Planning for college is an exciting time for everyone involved. There is so much to learn, to experience, to explore, and to do! For parents and guardians, the college process can be both stressful and emotional as you gear up for this next stage and watch your child transition into young adulthood. One major challenge of this process can be paying for the rising cost of college. Uprooted Academy is here to walk you through the financial options you have. Let’s get started with this continued ‘Q&A” series on the financial process.
Question #1: What are the ways that I can pay for my child’s college?

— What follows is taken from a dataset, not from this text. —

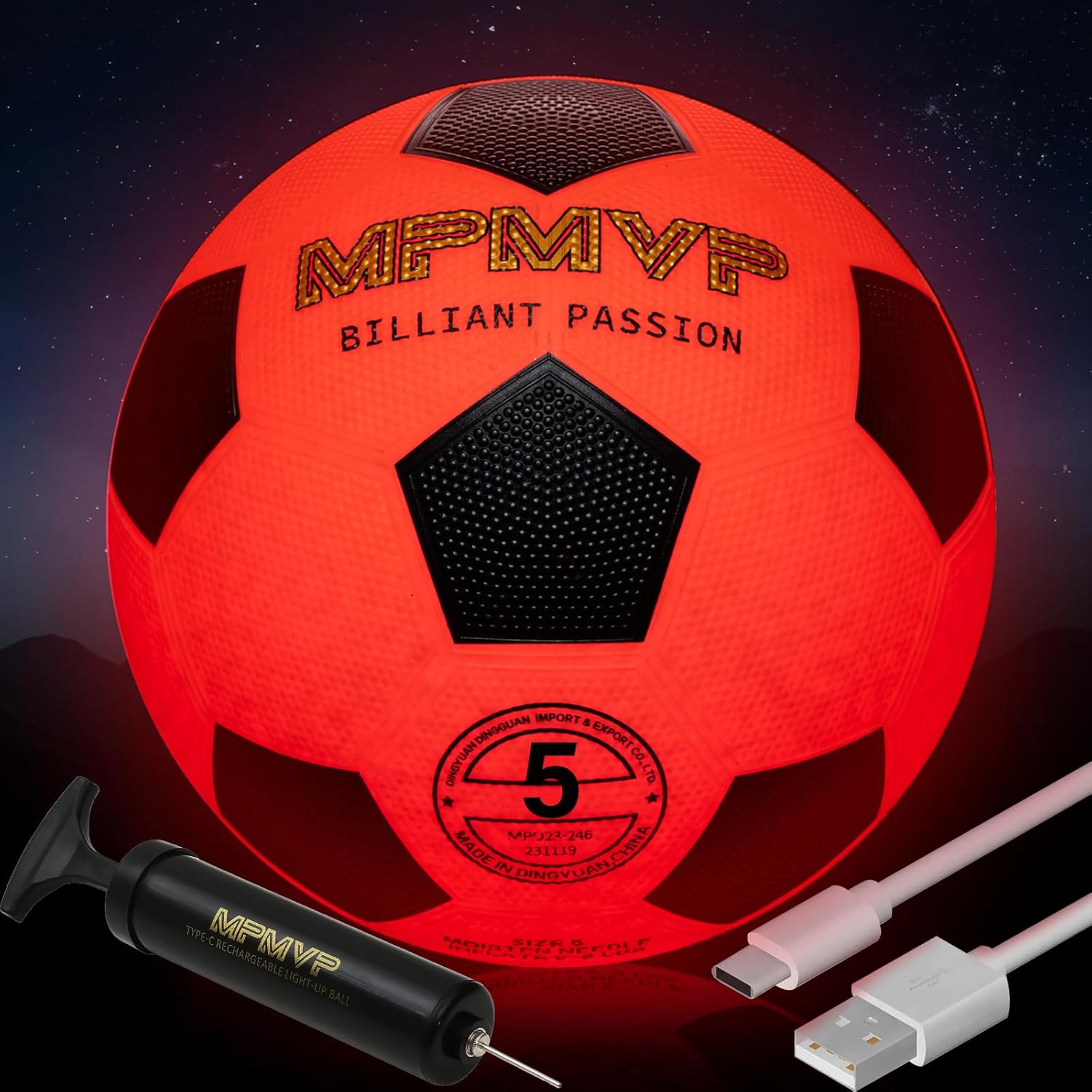 Light Up Soccer Ball - Glows & Charges w/ USB - Official Size 5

There are several ways to pay for your student’s college tuition. Let’s dig in to the different options you have:
The 529 Plan. Parents are able to start contributing to the 529 Plan as soon as their child is born. When you contribute savings to this plan, this money can grow tax-free. Additionally, there are no taxes applied when this money is withdrawn to pay for educational expenses.
Paying out of pocket. If possible, the best way to pay for college is to use any savings and pay as much as possible directly.

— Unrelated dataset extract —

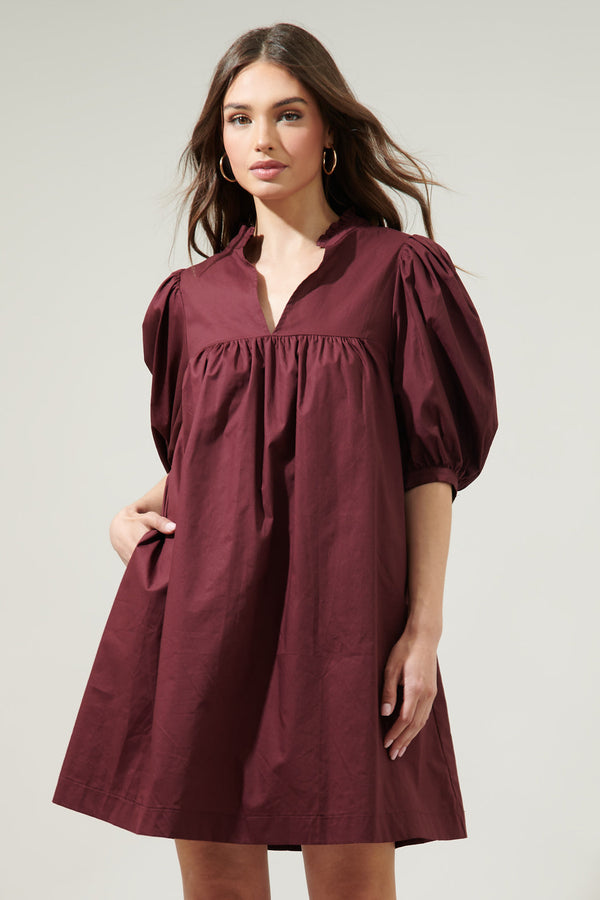 sugarlips Julissa Split Neck Babydoll Dress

Refinancing your mortgage. Some folks look into options such as refinancing their house. Whether or not this is the best option for you and your family depends on a variety of factors. For example, people with stronger credit scores generally get better interest rate offers on their mortgages, allowing them to save hundreds of dollars a month.
Scholarships. This is financial support that is awarded to students based on a set of criteria required by the scholarship committee. This money does not need to be paid back.

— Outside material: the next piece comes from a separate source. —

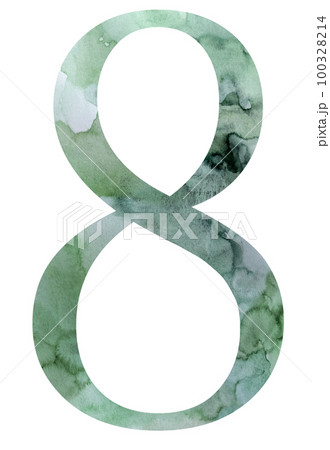 Watercolor teal green number 8 isolated illustration, summer design element 100328214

Taking out loans. Help your student begin to seek out scholarships that are relevant to you. This is also a good time to begin to learn more about the FAFSA (Free Application for Federal Student Aid) application process. Discuss with your student who will be responsible for payment upon graduation.
The FAFSA. The first thing to know about the FAFSA is that it is a free reporting tool which will help you determine your EFC (Expected Family Contribution). Your EFC is based on your income, assets, and the number of students you are supporting through college.